When variances are non-normal and heteroscedastic, transformations can be applied to \(Y\) that may solve both problems. These include the Box-Cox Transformation, and were covered in the Linear Regression course.
When the distributions are highly skewed, non-parametric tests can be conducted based on ranks. We will describe the Kruskal-Wallis Test.
4.3.1 Weighted Least Squares and Welch’s Test
Consider the following scenario and simulation.
- There are \(r=3\) Treatments with equal means \(\left(\mu_1=\mu_2=\mu_3\right)\)
- The Treatments have unequal standard deviations (and thus variances)
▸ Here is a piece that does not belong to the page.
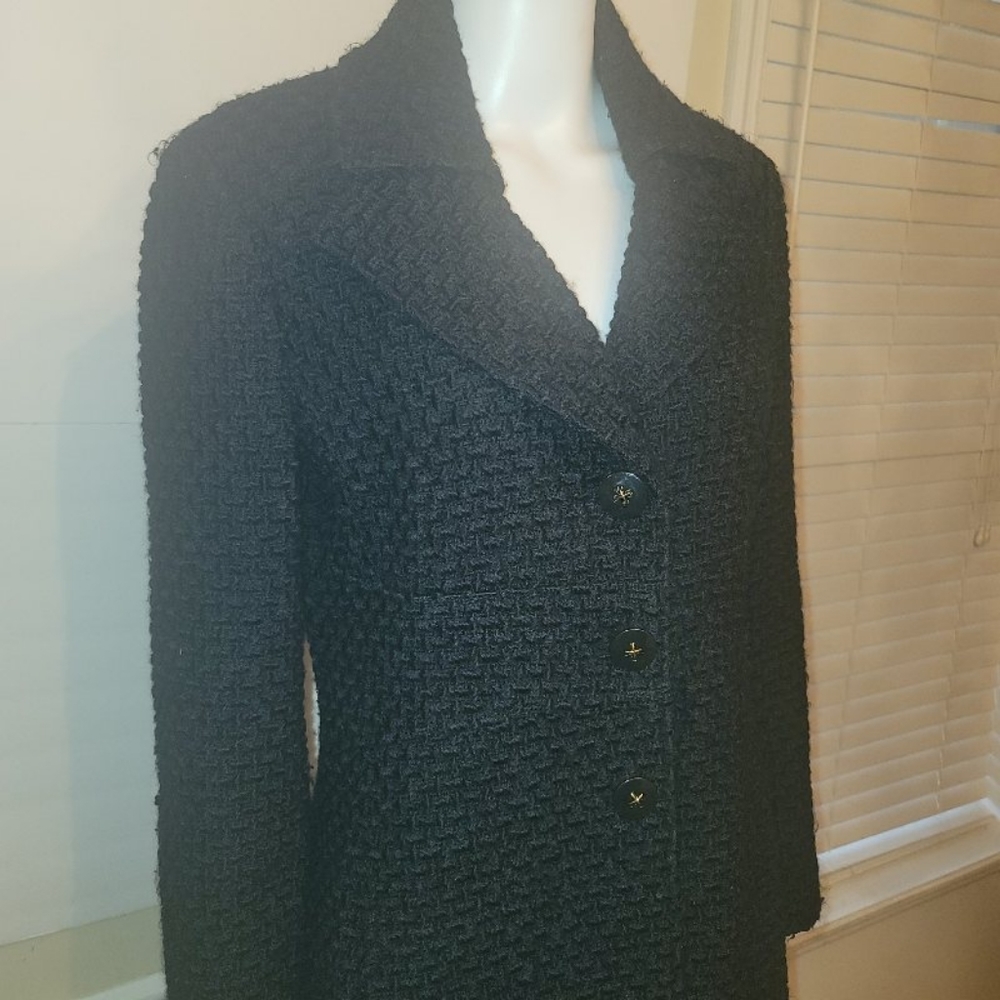 BLACK WOOL BOUCLE COAT BY LARRY LEVINE, SZ 8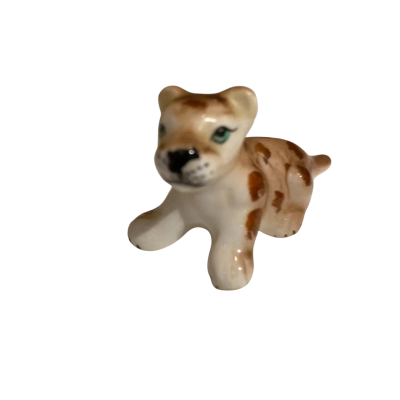 Vintage Hand Painted Porcelain Leopard Cub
- The Treatments have equal or unequal sample sizes
Note that the null hypothesis \(H_0:\mu_1=\mu_2=\mu_3\) holds, so optimally, the rejection rate based on the \(F\)-test with significance level \(\alpha\) should be approximately \(\alpha\). We will simulate datasets for the following scenarios, all with \(\mu=100\) for all treatments, and normal error terms.
- Scenario 1 - \(n_1=n_2=n_3=20\quad \sigma_1=\sigma_2=\sigma_3=20\) (standard assumptions)
- Scenario 2 - \(n_1=n_2=n_3=20 \quad \sigma_1=10,\sigma_2=20,\sigma_3=30\)
- Scenario 3 - \(n_1=10,n_2=20,n_3=30 \quad \sigma_1=10,\sigma_2=20,\sigma_3=30\)
- Scenario 4 - \(n_1=30,n_2=20,n_3=10 \quad \sigma_1=10,\sigma_2=20,\sigma_3=30\)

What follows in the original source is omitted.